Within 25 years, the population of Old Stoughton was large enough in that area which now encompasses 1/2 of Plainville, Foxboro, Sharon, Stoughton and Avon, and some odd lots in Dedham, Norwood, and Walpole west of the Neponset River, in order to meet their religious obligation to attend Sabbathday worship, folks in the southernwestern tier petitioned to divide the town into two parishes in 1740, which became Stoughtonham in 1765. That left Stoughton with one precinct which included the village of East Stoughton, present town of Stoughton as well as the present town of Canton including the old Ponkapoag Plantation (reservation). The native Ponkapoags were descendants of the tribe of Algonquins who were Christianized by Rev. John Eliot in the late 1630s. The northern edge of the plantation runs through the Bradley Estate off Washington St. near Route 128/138 cloverleaf, once known as “Indian Line Farm”. There remains today, apple trees that were cultivated by the Native Americans still growing in that area. The southeast corner of the 6,000 acre Plantation is off Pine Street, Stoughton near Grove Road in the Glen Echo Blvd. neighborhood.
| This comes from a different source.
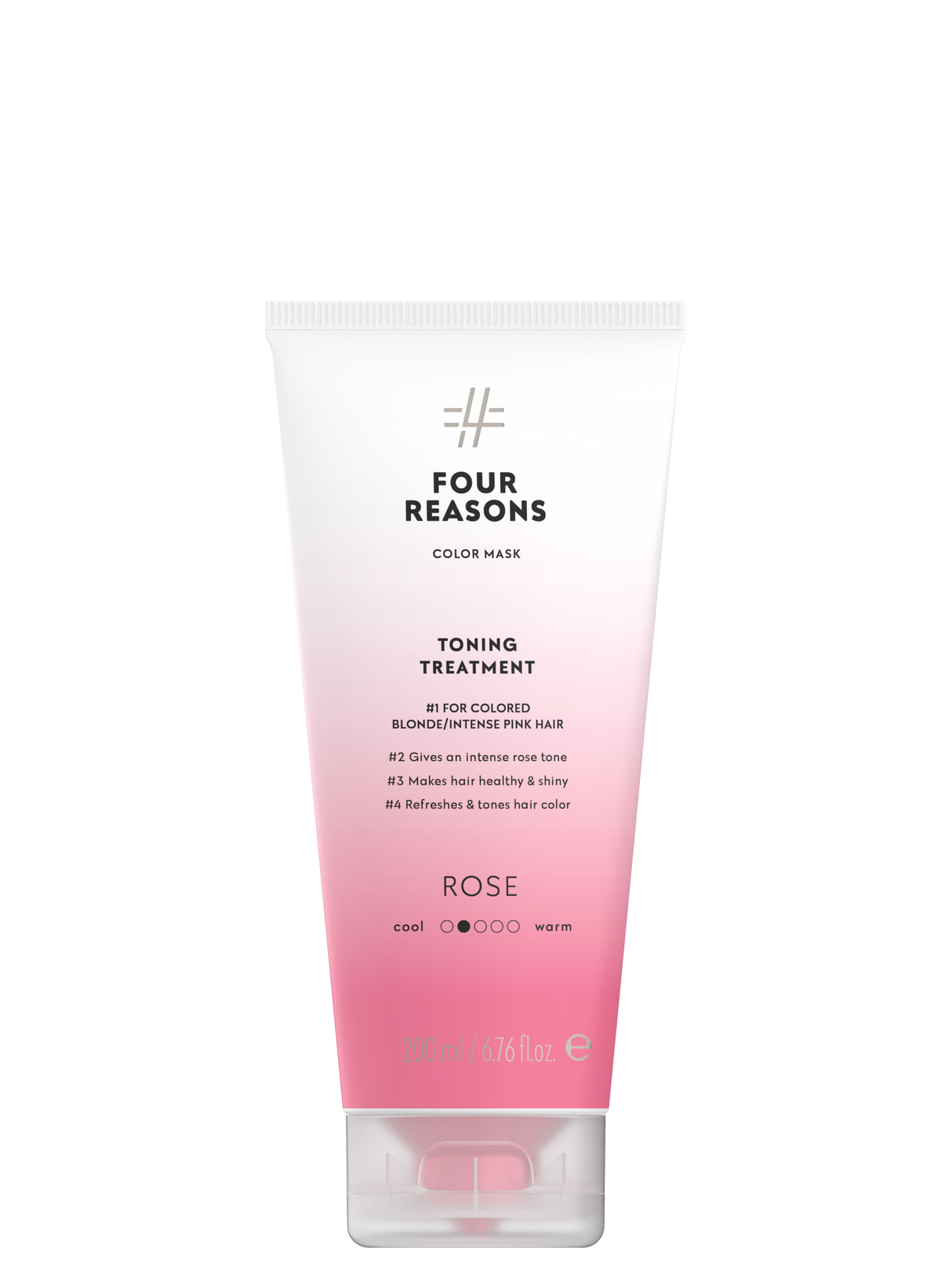 FR CM Soin Ravivant ROSE 200 ml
By 1744, the first Parish (precinct) was divided along a West to East line near Steephill Brook, between Canton and Stoughton. This became the Third Precinct. When Stoughtonham was given full township status, the Third Parish became the Second Parish. It was about this time that the folks in East Stoughton, mostly transplants from Braintree complained that the “house of worship in Pecunit Plain was nearly seven miles of rocky, twisting trails making Pigwackett Way” the only route to attend church and town meetings. “We live in a gore” wrote Ashley Curtis from East Stoughton in 1740, hoping to take the village into the Plymouth colony town of (North) Bridgewater. This confusion with other incorporation petitions at that time, failed to recognize East Stoughton residents. During the Revolutionary War, the three Precincts each raised companies of soldiers and put aside their local rivalries.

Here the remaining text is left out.